CYBERSPACE — Horny admirers of porn mega queen Jenna Jameson and/or pampered hotel chain princess Paris Hilton got more than they bargained for recently when they clicked on spam claiming to lead to exotic images of each.Instead of compromising photos of their favorite bottle blondes, the computer users found themselves downloading gobs of malware.
According to security experts, the masterminds behind this latest attack on home computer security were responsible for last week’s similar assault, which promised naughty visuals of rehab romantic Britney Spears.
“What’s interesting about this,” observes Sunbelt Software president Alex Eckelberry on SCMagazine.com, “is that these guys are sending out these bold, graphic pictures that have striking images. It’s all trying to invite a click.”
“These guys” are believed to be members of Russian organized crime collectives that recently began taking advantage of the Microsoft .ANI bug
According to researchers, those who click the link from the “Hot pictures of Paris Hilton nude” email find themselves looking at a large image of Jameson, instead of merely inheriting payloads from invasive worms clinging to executable attachments. Nonetheless, the websites they ultimately connect with are loaded with the Iffy-B Trojan, which sends the compromised system to malware intent to exploit the Microsoft weakspot.
“It’s pretty sophisticated stuff,” Eckelberry points out. “It’s heavily obfuscated JavaScript code that takes you to a number of different sites.”
Eckelberry says that the new, graphically oriented spam began approximately two weeks ago and arrives with a convincing Microsoft graphic instructing recipients to download Internet Explorer beta 2. When the gullible computer user attempts to do so, their system swallows a worm.
Things changed after last Wednesday’s out-of-cycle animated cursor fix was released. That’s when the Spears spam began to make the rounds, serving up malicious code hidden inside of saucy photos of the divorcing and recently panty-free performer. Eckelberry warns that web-based mail such as Hotmail or Yahoo may be particularly vulnerable to these schemes.
Sophos senior technology consultant Graham Cluley worries that “The problem is that consumers and businesses may not yet have patched themselves against this vulnerability, and clicking on unsolicited emails like these could lead them to a nasty malware infection.”
Even systems freshly patched may not be impervious to attack, however. Dan Hubbard, vice-president of Websense has estimated that there were 700 malicious code sites located last week and says that “We’re seeing a little over 2,000 sites that have exploits or point to exploit code in one way or another.

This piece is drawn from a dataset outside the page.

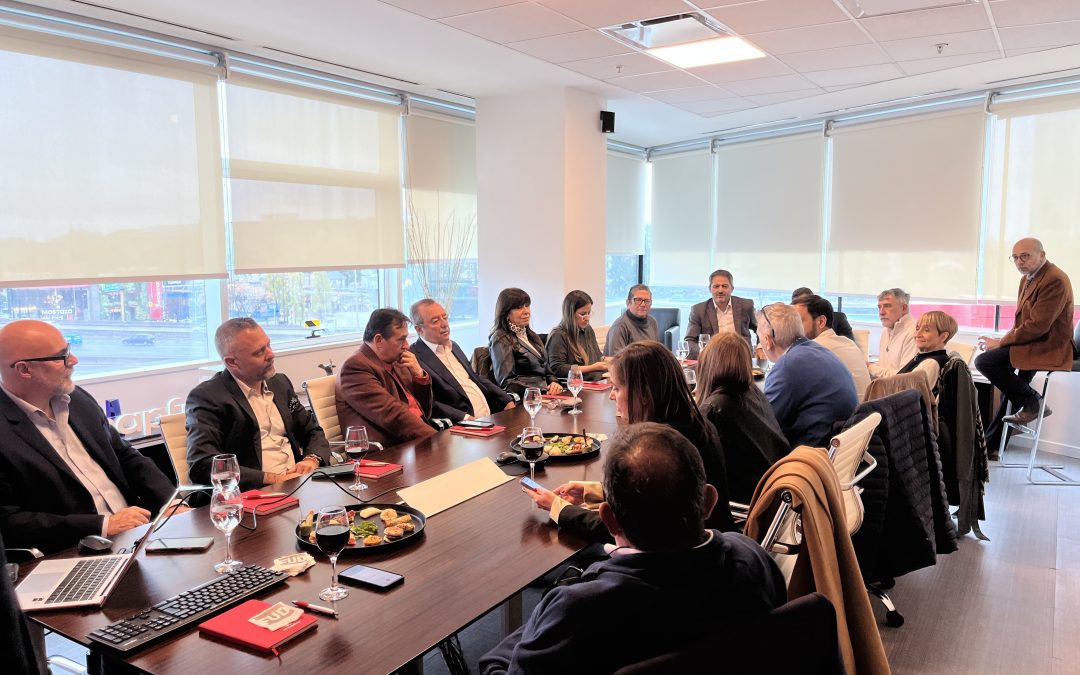 Mapfre celebró el Día del Periodista y presentó su nueva imagen en un encuentro exclusivo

Microsoft released an emergency patch for the .ANI bug last week. Security professionals, though, are concerned that users who are slow to patch will become new victims as attacks on the vulnerability continue to surge. Dan Hubbard, VP of security company Websense, said in an interview that the patch hasn’t slowed the creation of new exploits. They’re still coming online at an alarming rate. “The patch definitely helped,” he reassures. “It went from 100-percent of people with Internet Explorer being vulnerable to a smaller subset.” But he cautions that “It didn’t slow the attacks. It just made their success rate lower.”
Hubbard says that the initial wave of .ANI exploits originated from Chinese servers and appeared to focus on stealing the profitable credentials of online Lineage players. Things have shifted away from gaming and China now, however, with Russian crime members entering the scene, planting code on American based sites, and looking for visitors’ banking information.
Although the .ANI vulnerability affected all Windows systems, including the brand new Vista OS, Mozilla’s Firefox browser is also at risk, although current attacks have not focused on the open-source application.